The presence of awstats in the title here can be misunderstood for a moment; as I’ll show in the rest of the post, I am putting it there as an experiment. Bear with me.
New year and new month, and as each new month, the statistics I gather from my awstats interface (which is protected by password and SSL to be on the safe side) show me a huge amount of referrer spam. If you don’t know what referrer spam is, then you probably never gathered raw statistics from access logs, so I’ll try to explain.
Spammers wish to increase the pagerank of their websites, so that there are more chances that random Google searches will bring in visitors; to do so one common method is to leave links to their websites in spam comments on blogs, that Google will index and traverse. Luckily for us, spam comments on blogs are relatively easy to stop; most of the times I don’t even see them, thanks to the ModSecurity antispam system I wrote for my blog (more on that in a moment).
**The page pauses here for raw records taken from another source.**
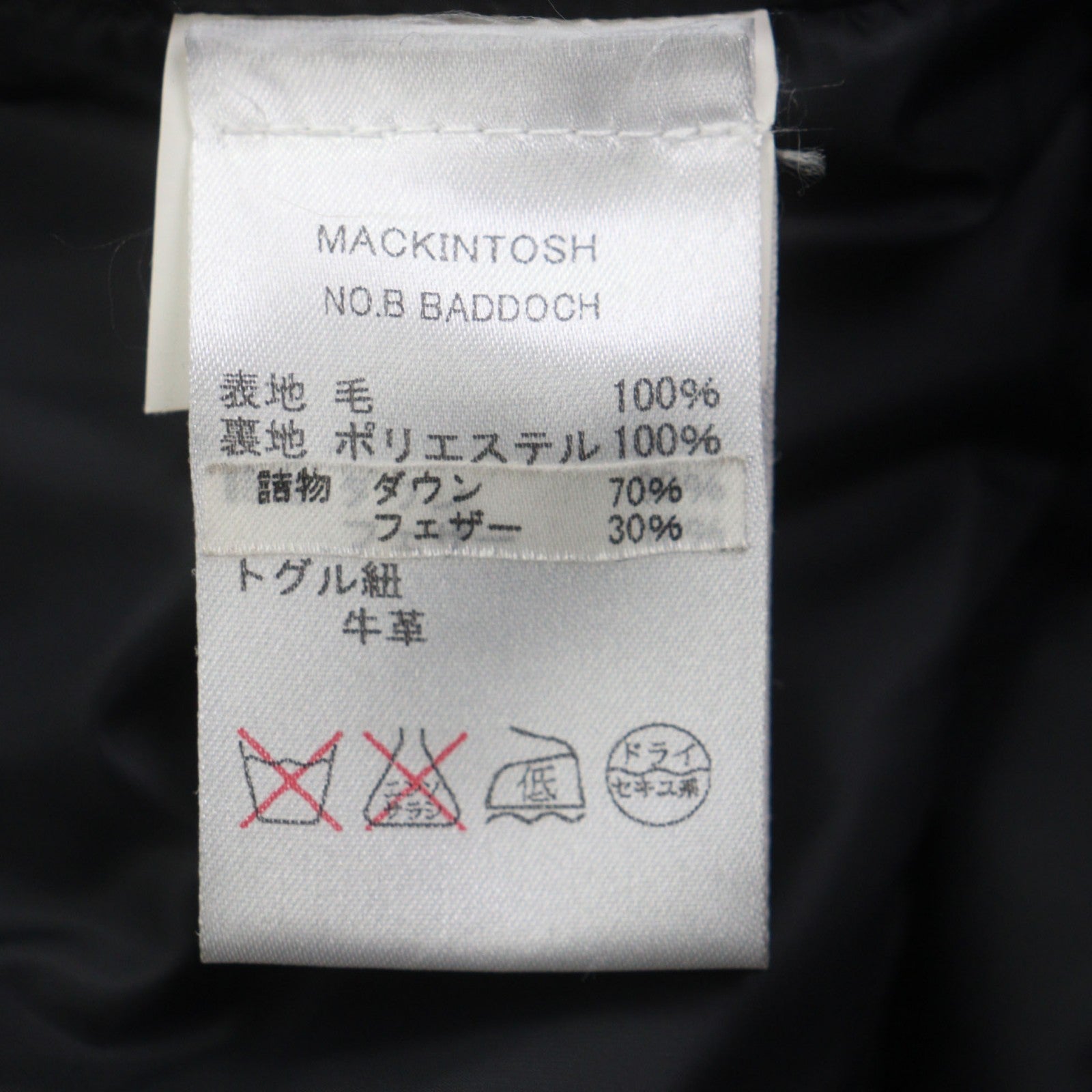 マッキントッシュ ウールダウンコート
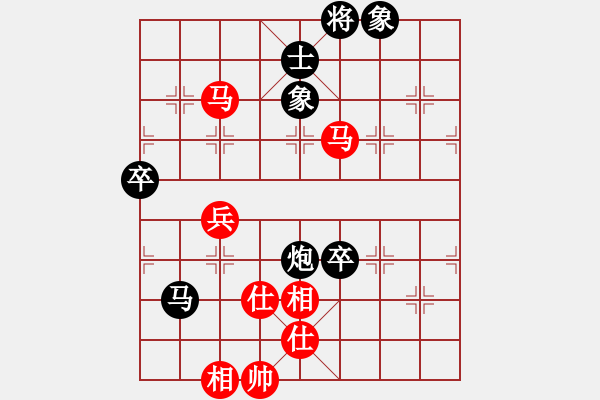 象棋棋譜圖片：獅子座里奧(6段)-負(fù)-貴州小剛(4段) - 步數(shù)：100 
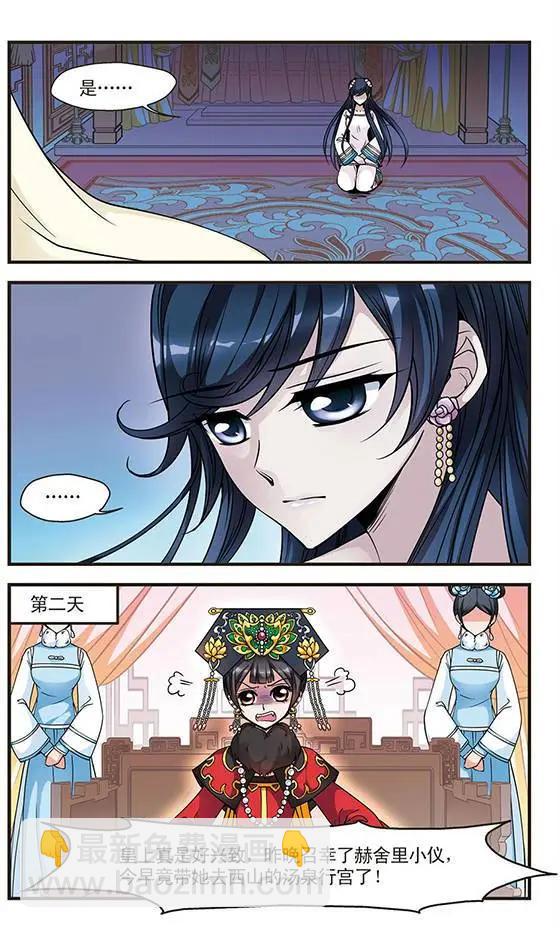 第30话 寻踪-第30话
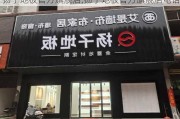 扬子地板官方旗舰店,扬子地板官方旗舰店电话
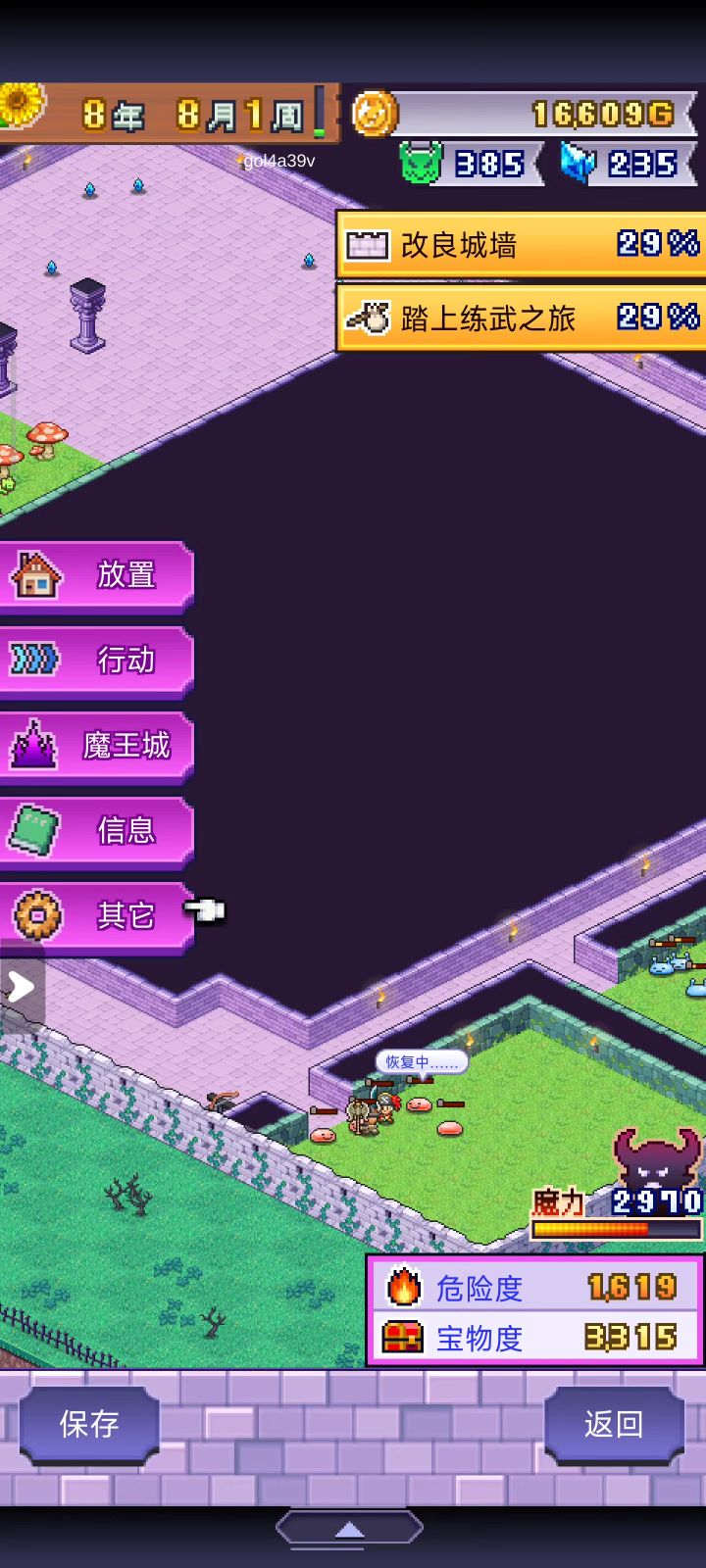 bug?截图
But at the same time, a number of websites leave their reported statistics open to be seen by everybody, including Google! A quick search for the right terms shows about 126 thousands results, and that is that just by looking for AWStats, which is but one of the many applications that do so. This means that the spammers have a huge chance of being able to actually get their pagerank boosted. There are even more points in this thanks to the fact that even the latest version of AWStats does not use rel=nofollow on the list of referrers!
Referrer spam also requires a lot less work than comment spam does: you don’t need to send POST requests with the right fields, you just need to request the pages, sometimes even if they don’t exist, with the URL you want to spam in the Referer (not my typo!) header. Now, there are a few patterns to be found even in these referrer spammers, most of which seem to optimise their requests’ bandwidth by targeting URLs that seem to show the presence of the software they are targeting (such as AWStats). Indeed, the one that has gotten more hits since is the one that had AWStats in the title and I’ve been using lately to detect these patterns.
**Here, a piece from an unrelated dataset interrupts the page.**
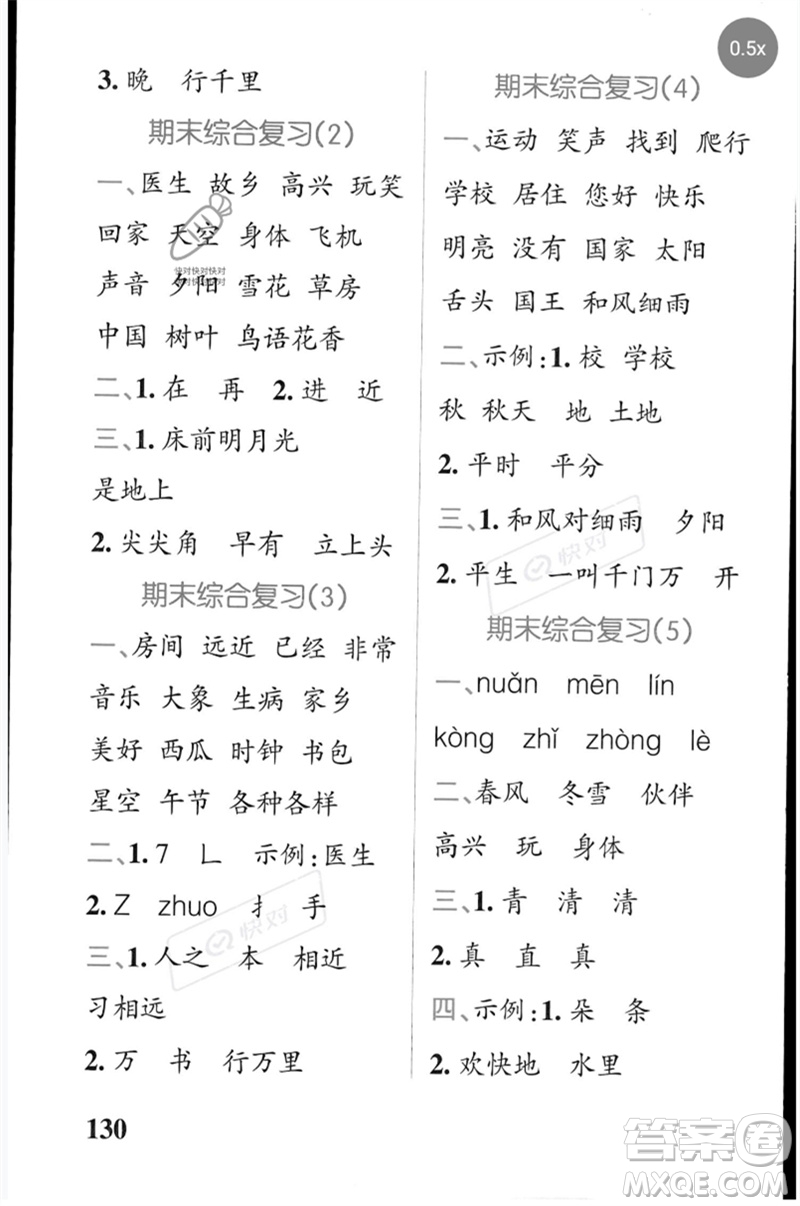 遼寧教育出版社2023小學(xué)學(xué)霸天天默寫一年級語文下冊人教版參考答案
In particular, I have noticed that a number of these spammers seem to be even more interested in reducing the traffic they generate than most legit sites, to the point that they used the HEAD method rather than the GET method. This allowed me to create a simple rule to ban almost all of them: I simply deny HEAD requests coming from real browsers’ agents — as far as I can see, no browser ever sends HEAD requests; if they want to validate cache, they instead use the If-None-Match or If-Modified-Since headers.
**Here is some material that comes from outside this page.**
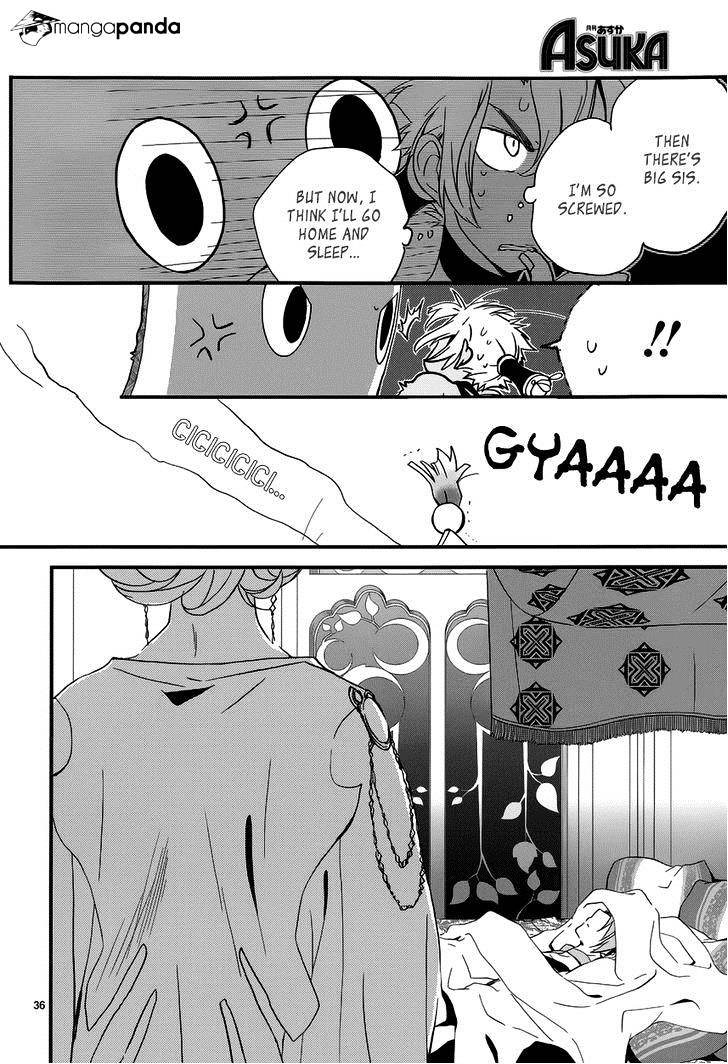 1001 Chapter 6 #39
trying to reduce the impact of these spammers on my own websites, I’ve been improving and upgrading the rules in my ModSecurity Ruleset to detect both the patterns and the known spammers; generally speaking the added logic shouldn’t be excessively taxing. By the way, if you are using my rules and like them, please do flattr them! At least I’ll know somebody does make use of those now that I published them.
Interestingly enough, you might remember a previous post of mine, where I noted that letting users always register is bad — more and more it seems like a number of these spammers try to work around the easy checks done through URL blacklists (similar to the DNSBL used to block IPs) by using third parties that might be legit, but ignore the nofollow rule, which means that their pagerank is, once again, ensured.
I guess I really should start learning LUA so that I can write more complex but thorough checks for my rules; since it seems like ModSecurity how has hashing capabilities, it wouldn’t be too bad if I could simply check each domain in the referrers once every two hours against a live blacklist, and then skip over it, to avoid repeating the same test over and over again.
For those interested in follows up on the issues, I sent the AWStats author a patch to add the rel=nofollow on links, so that even public statistics stop boosting spammers’ pagerank. The same patch is now applied by the latest ~arch version of awstats, which I hope to get stable sometime next month.